Thursday, September 16, 2004

"GIR, quickly, ride the pig!"

"Computer, take me to the weasels!"

Hannibal Lecter vs. Hannibal Lecktor
I am a fan of director Michael Mann; I mean, The Last of the Mohicans, Heat, The Insider, Collateral, these are great flicks. I am also a fan of the film Red Dragon. To combine these two interests, I have long-desired to see the movie Manhunter, directed by Michael Mann and based on the novel Red Dragon by Thomas Harris. This week, courtesy of my local video rental outlet, I have seen Manhunter. LET THE RECRIMINATIONS BEGIN! Er, let the comparison begin.

I am entirely aware that having seen Red Dragon before Manhunter, I am predisposed to prefer Red Dragon as the "proper" version of Harris's novel. However, I feel my affinity for Mann will render me objective. Manhunter just isn't very good; the primary problem with the film is that it must have felt dated two weeks after it was released. The sets all look the same. Each of the houses, the office buildings, everything is done in the same white monochrome, making the entire thing feel empty, sterile, lifeless. The acting performances are all fine (it's nice to see that before C.S.I., William Petersen was once an actor), but none are earthshattering. And if there's one thing worse than the horrible production design, it is the music. Shrieking keyboards are hardly the best way to set the stage for an unsettling murder. Red Dragon is set in the mid-/late-80s, yet it feels timeless. It could take place anytime fromt he 1960s to the present day. Manhunter suffers because it feels so locked into one very specific period of time.
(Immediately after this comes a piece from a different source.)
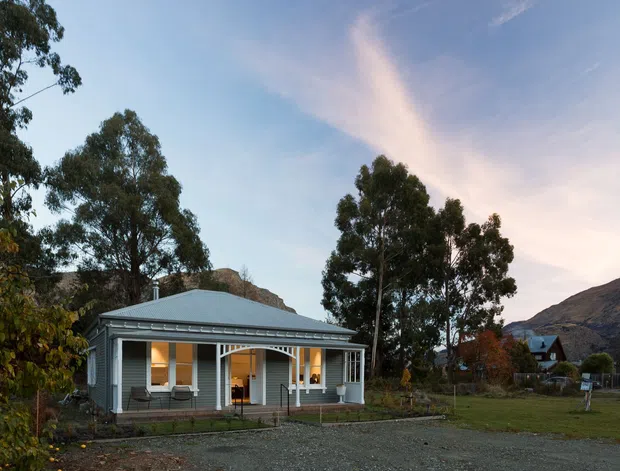 Exterior view of a single-storey cottage-style home in a spacious rural or semi-rural setting. The house has a symmetrical front verandah, pale horizontal weatherboard cladding, white trim, a low hipped corrugated metal roof, and tall multi-pane windows and doors. Mountains and mature trees surround the property, with gravel ground and open lawn in the foreground.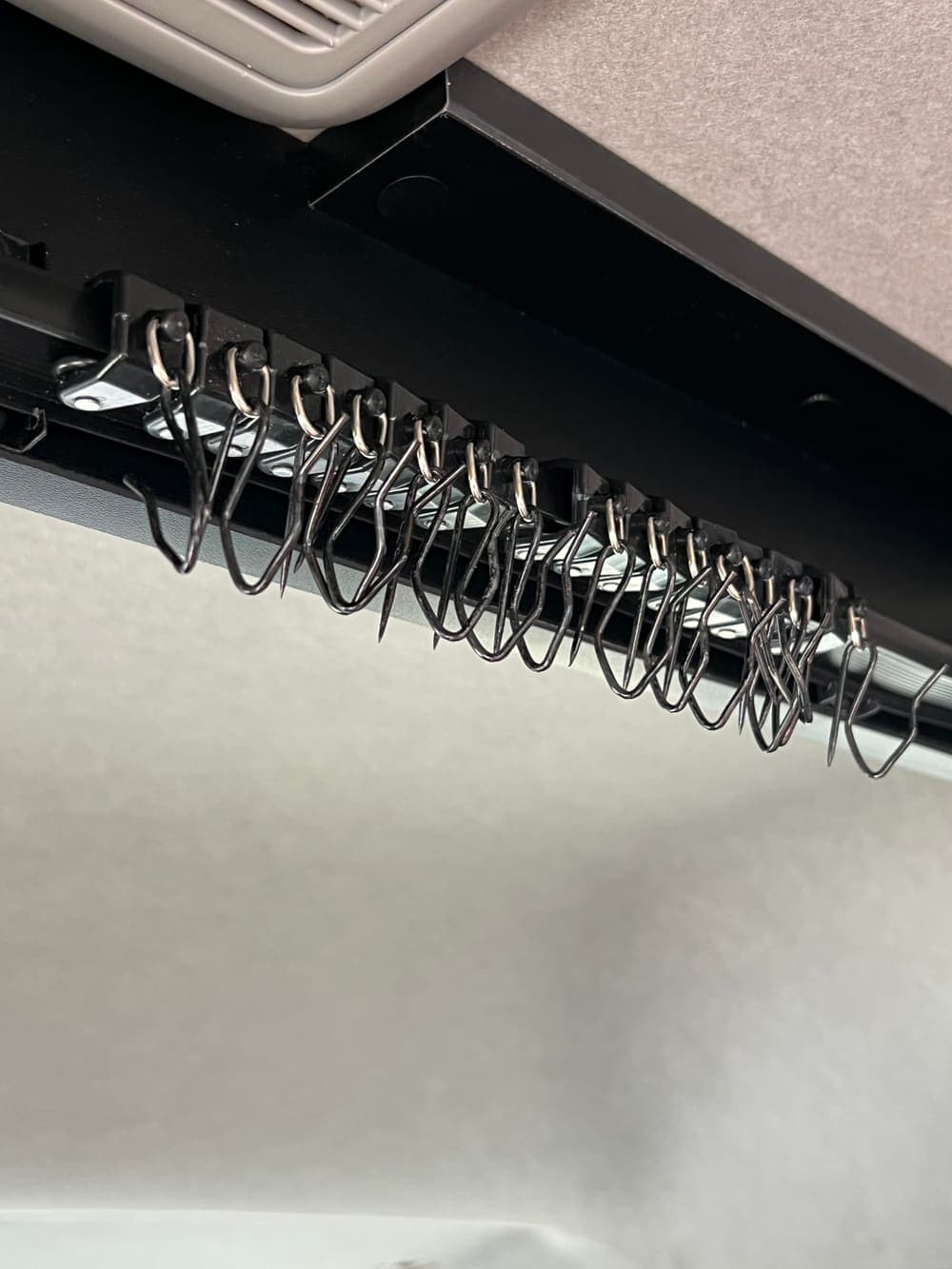 Curtain hooks going onto the track during a fit-out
It's weird to say it, but mano a mano Brett Ratner outdirected Michael Mann. (Of course, Mann improved as both a writer and a director.) Having seen all four "Lecter" films, it now makes sense to me why Anthony Hopkins's Hannibal Lecter from The Silence of the Lambs entered the public's conscienceness in a way that Brian Cox's Hannibal Lecktor from Manhunter never did.

I've been thinking about adding Thomas Harris's novels to the reading queue.